◆ **EXERCISE GOAL**
Nothing should appear in the answer except the lines below from the line containing "Short And Long" through the line containing "Baignoire encastrée en", copied exactly, with pictures left out.

◆ **AVAILABLE RECORDS**

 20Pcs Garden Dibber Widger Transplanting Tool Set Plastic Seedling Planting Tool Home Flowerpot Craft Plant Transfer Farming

--

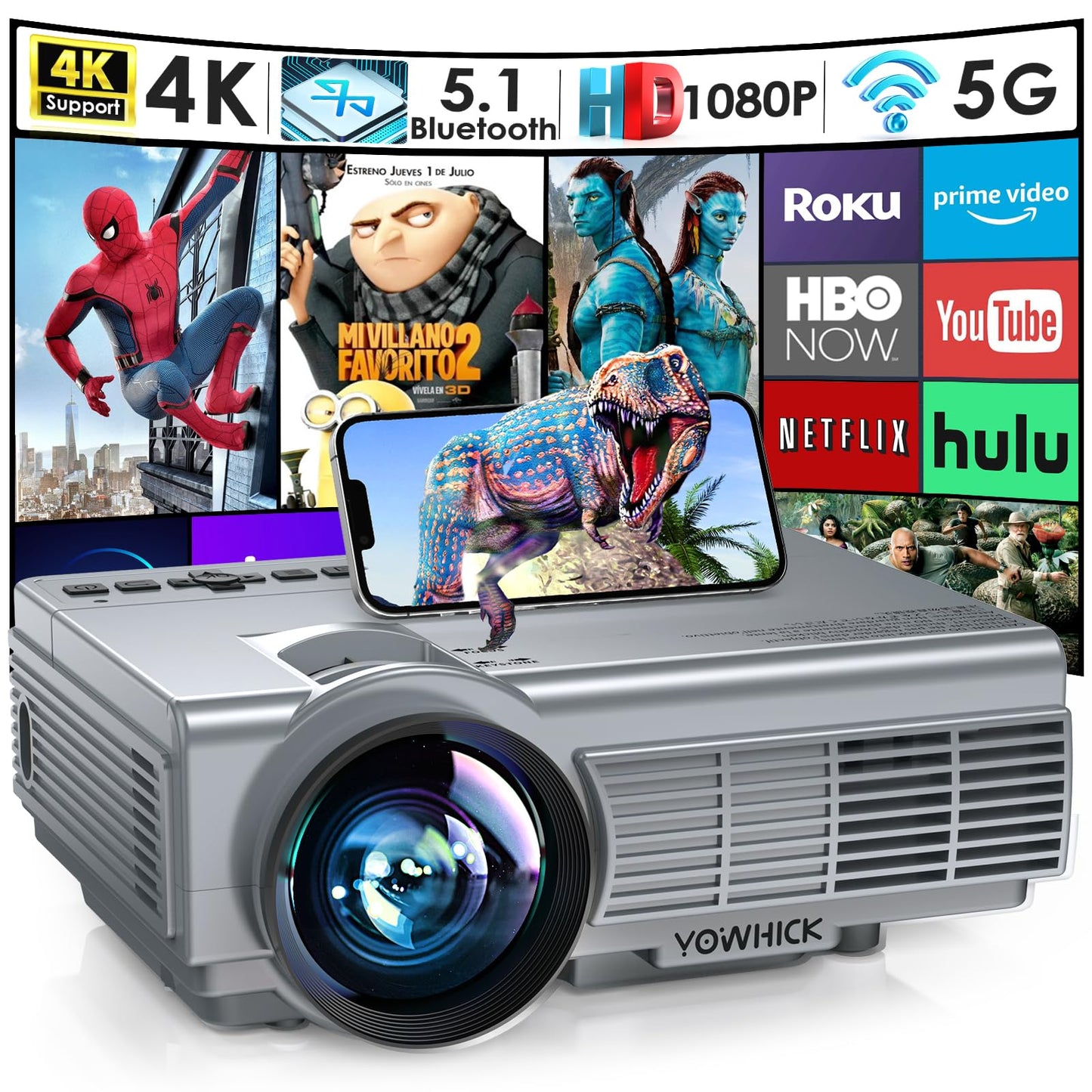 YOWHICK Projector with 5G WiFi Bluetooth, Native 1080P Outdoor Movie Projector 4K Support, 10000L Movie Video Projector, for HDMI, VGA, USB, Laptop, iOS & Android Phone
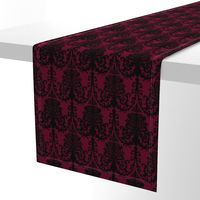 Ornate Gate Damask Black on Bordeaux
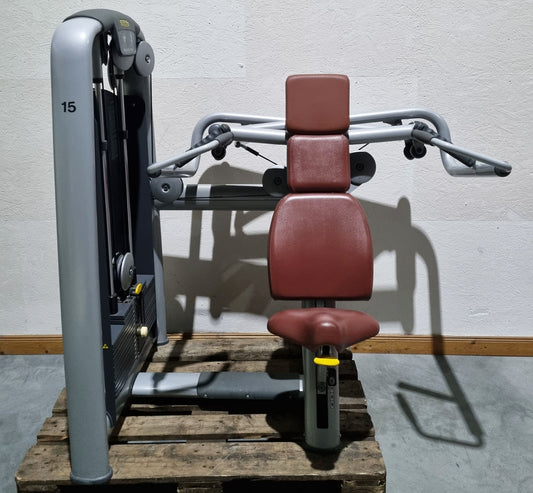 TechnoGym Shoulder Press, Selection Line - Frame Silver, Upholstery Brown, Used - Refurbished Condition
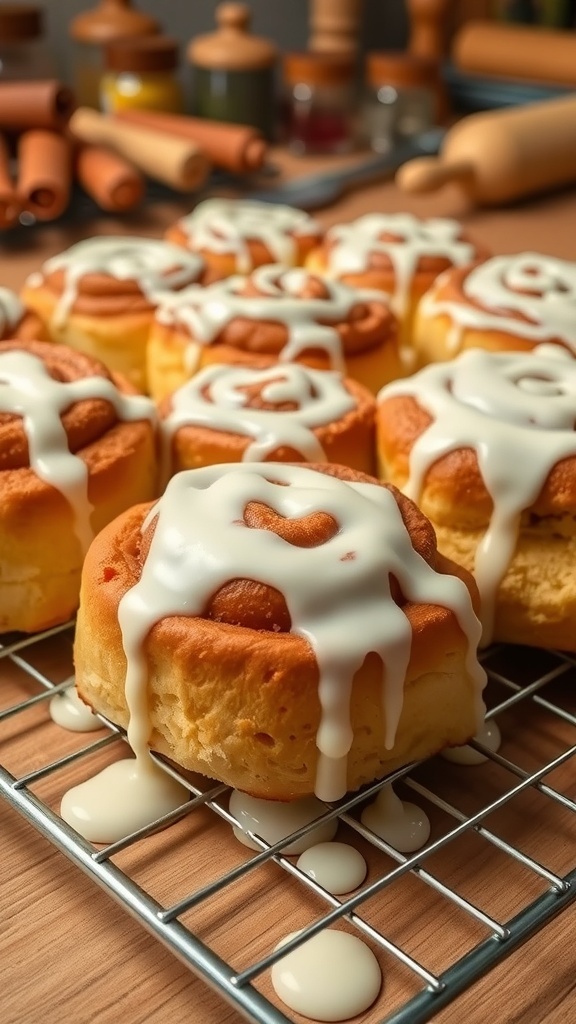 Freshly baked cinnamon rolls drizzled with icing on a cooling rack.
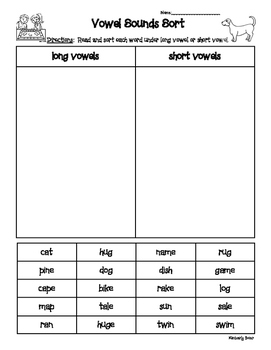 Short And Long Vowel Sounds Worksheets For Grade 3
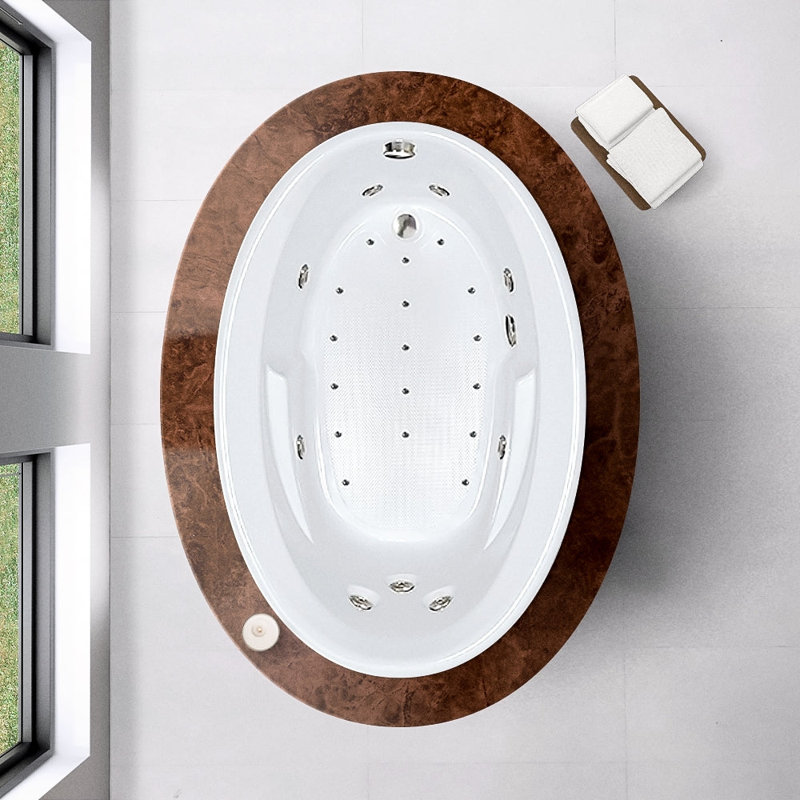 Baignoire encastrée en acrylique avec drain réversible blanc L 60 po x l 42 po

---

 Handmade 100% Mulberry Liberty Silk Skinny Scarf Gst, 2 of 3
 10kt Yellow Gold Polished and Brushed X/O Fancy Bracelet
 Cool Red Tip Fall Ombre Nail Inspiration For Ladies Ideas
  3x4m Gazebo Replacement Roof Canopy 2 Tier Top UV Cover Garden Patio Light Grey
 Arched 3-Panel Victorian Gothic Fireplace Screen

◆ **FINAL ANSWER**
 Short And Long Vowel Sounds Worksheets For Grade 3
 Baignoire encastrée en acrylique avec drain réversible blanc L 60 po x l 42 po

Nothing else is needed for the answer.